The basis for the recipe, and the ingredient that I wanted to use was the end of a loaf of bread that had been given to me for my birthday. Yes, my friends know me well and there were a number of food related gifts. Including an amazing Brunch Basket! My gorgeous friend Miri, and her boyfriend Joe, put together a bunch of ingredients that would create a delicious brunch, all in a lovely basket and, whilst I made a good attempt of eating it all, I had some bread and bacon leftover.
Knowing that herby breadcrumbs would go very nicely on top of pasta (and bacon goes well with everything, including in pasta) I decided to go down this route, using courgetti/zucchini rather than pasta and throwing in anything else that I found. This makes the meal really light and fresh and I actually think prawns would have been the perfect accompaniment, a lot better than the mushrooms actually, but hey that’s what we needed to use up. Again, very easy to make vegetarian – just leave the bacon out.
Definitely not a recipe that needs to be followed to the letter – use up the odds and ends you have in your fridge. It is the liquid that will naturally come out of the courgette that will turn into the sauce when mixed with the smashed up cherry tomatoes so if you were doing this with traditional pasta you might like to use some of the cooking water or even add in some passata/tinned tomatoes with liquid.
2 courgettes, spiralized (is that even a word?!)
2 tsp chilli flakes
1 onion, diced
handful of cherry tomatoes (150g?), whole
handful of button mushrooms (150g?), cut in half
2 rashers bacon
4 garlic cloves, minced
1 cup of breadcrumbs or approx 3 pieces of stale crusty bread
dash of cream
6 mint leaves, chopped
salt & pepper
Parmesan or mozzarella (optional)
- If not using ready-made breadcrumbs, roughly cut up the stale bread and put in the food processor. Put it straight onto a high setting until the bread pieces are now a fine crumb.

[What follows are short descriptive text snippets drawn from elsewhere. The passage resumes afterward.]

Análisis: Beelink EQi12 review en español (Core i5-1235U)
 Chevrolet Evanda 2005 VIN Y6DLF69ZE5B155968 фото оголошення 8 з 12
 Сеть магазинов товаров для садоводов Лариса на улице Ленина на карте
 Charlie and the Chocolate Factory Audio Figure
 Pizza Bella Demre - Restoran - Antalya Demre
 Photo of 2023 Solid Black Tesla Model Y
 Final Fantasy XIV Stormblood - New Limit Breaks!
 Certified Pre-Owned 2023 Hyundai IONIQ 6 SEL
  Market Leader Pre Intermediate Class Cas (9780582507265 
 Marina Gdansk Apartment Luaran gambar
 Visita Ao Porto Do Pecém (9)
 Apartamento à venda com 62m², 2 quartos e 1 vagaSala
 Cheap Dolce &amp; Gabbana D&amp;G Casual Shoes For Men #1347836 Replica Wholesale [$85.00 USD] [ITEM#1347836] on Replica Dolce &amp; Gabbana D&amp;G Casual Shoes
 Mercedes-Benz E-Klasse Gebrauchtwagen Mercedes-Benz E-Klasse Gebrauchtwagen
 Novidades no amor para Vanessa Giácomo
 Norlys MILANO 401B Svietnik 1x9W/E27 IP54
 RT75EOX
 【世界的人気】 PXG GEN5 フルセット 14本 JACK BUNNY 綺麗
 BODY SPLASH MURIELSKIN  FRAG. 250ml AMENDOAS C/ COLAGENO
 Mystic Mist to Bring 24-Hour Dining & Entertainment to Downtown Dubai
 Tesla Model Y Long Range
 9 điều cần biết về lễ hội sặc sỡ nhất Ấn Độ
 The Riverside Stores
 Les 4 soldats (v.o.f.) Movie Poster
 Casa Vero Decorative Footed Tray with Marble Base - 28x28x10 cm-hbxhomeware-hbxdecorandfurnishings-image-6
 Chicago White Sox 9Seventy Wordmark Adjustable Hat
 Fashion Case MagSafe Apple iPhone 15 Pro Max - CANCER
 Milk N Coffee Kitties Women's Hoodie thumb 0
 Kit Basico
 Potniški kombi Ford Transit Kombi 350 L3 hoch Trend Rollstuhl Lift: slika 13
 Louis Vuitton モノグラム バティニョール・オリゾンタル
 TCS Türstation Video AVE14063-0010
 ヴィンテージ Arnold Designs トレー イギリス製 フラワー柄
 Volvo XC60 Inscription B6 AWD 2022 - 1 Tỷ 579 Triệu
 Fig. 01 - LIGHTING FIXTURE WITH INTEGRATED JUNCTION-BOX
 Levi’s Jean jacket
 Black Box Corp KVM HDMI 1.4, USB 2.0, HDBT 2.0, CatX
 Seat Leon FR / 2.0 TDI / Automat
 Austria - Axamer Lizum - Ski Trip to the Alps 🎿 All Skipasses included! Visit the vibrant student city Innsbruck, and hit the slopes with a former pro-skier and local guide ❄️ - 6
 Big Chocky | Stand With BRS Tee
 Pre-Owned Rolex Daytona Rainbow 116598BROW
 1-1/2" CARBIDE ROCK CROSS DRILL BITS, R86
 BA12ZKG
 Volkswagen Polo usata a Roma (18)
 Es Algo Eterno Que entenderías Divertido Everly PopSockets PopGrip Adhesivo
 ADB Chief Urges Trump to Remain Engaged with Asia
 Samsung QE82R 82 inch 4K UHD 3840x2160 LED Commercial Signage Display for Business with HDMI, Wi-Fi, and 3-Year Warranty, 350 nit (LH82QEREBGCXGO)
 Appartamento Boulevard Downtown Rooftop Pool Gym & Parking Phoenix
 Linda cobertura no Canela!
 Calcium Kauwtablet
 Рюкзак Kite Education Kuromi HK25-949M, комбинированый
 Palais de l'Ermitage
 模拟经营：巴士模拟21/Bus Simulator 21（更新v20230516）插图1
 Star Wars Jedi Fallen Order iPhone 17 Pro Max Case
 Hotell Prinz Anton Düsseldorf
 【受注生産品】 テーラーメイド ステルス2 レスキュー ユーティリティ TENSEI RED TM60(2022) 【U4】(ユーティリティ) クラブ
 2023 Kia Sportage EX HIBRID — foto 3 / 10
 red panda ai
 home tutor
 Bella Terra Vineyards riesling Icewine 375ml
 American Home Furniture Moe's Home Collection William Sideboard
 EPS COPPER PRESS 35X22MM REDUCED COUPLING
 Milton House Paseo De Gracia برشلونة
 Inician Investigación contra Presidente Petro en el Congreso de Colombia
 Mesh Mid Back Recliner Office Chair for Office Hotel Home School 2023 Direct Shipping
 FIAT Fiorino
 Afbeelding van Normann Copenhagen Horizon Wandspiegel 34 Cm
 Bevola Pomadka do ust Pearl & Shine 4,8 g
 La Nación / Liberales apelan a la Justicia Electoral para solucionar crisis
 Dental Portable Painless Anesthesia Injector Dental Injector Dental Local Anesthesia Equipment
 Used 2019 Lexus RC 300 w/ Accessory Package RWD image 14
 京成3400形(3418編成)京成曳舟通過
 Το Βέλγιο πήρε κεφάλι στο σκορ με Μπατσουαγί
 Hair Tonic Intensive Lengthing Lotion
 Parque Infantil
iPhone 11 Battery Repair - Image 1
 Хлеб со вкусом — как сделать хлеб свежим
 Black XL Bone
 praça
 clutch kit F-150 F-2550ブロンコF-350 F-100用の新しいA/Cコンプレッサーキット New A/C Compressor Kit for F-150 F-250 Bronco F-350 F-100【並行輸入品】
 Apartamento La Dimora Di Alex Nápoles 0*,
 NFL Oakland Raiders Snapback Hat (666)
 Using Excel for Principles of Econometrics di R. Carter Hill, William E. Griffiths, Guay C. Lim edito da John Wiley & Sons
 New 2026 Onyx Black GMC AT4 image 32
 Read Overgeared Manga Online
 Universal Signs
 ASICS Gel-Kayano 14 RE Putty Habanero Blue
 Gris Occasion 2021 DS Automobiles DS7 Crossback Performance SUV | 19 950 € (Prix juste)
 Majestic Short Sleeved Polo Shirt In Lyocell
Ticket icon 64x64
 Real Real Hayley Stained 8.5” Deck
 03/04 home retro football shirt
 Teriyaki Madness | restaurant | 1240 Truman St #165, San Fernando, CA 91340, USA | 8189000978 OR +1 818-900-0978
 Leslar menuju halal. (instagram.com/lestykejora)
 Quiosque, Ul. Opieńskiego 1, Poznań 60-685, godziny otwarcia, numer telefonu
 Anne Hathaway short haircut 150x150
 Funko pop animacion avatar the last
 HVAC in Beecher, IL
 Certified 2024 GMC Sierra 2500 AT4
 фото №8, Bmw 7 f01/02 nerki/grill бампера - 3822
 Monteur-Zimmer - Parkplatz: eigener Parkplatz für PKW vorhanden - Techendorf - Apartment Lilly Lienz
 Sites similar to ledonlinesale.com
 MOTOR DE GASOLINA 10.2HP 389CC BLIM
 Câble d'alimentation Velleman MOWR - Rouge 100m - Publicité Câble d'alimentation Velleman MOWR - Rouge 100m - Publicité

- Heat butter in a pan. Add the breadcrumbs and 1 clove of garlic stir constantly until nice and crispy. Remove from the heat.
- Put bacon under the grill, turning after 5 minutes.
- Whilst the breadcrumbs and bacon are cooking heat the oil over a medium high heat and add the onion, cooking for 2 minutes.
- Add 3 cloves of the garlic and cook for another 2 minutes before adding the chilli flakes. This is the basis for the “sauce” and you should have some good aromas happening in your kitchen.
- Throw in the tomatoes whole, to the onion and garlic mix, and squash with a wooden spoon to break them up.
- Once bacon is cooked to your liking remove from under the grill.
- Add the courgetti to the tomatoes, heat it through, allowing the liquid to come out and mix with the tomatoes to make a sauce. Season to taste.
- I used the breadcrumb pan to cook the mushrooms separately.
- Add the chopped mint leaves to the cooled breadcrumbs and stir.
- After the courgetti has cooked for about 10 minutes it should be quite saucy and can now be served.
- Make sure you get the liquid from the bottom of the pot and then add mushrooms and bacon to the serving dish as well.
- Sprinkle breadcrumbs over the top, a crack of black pepper and any cheese, if using.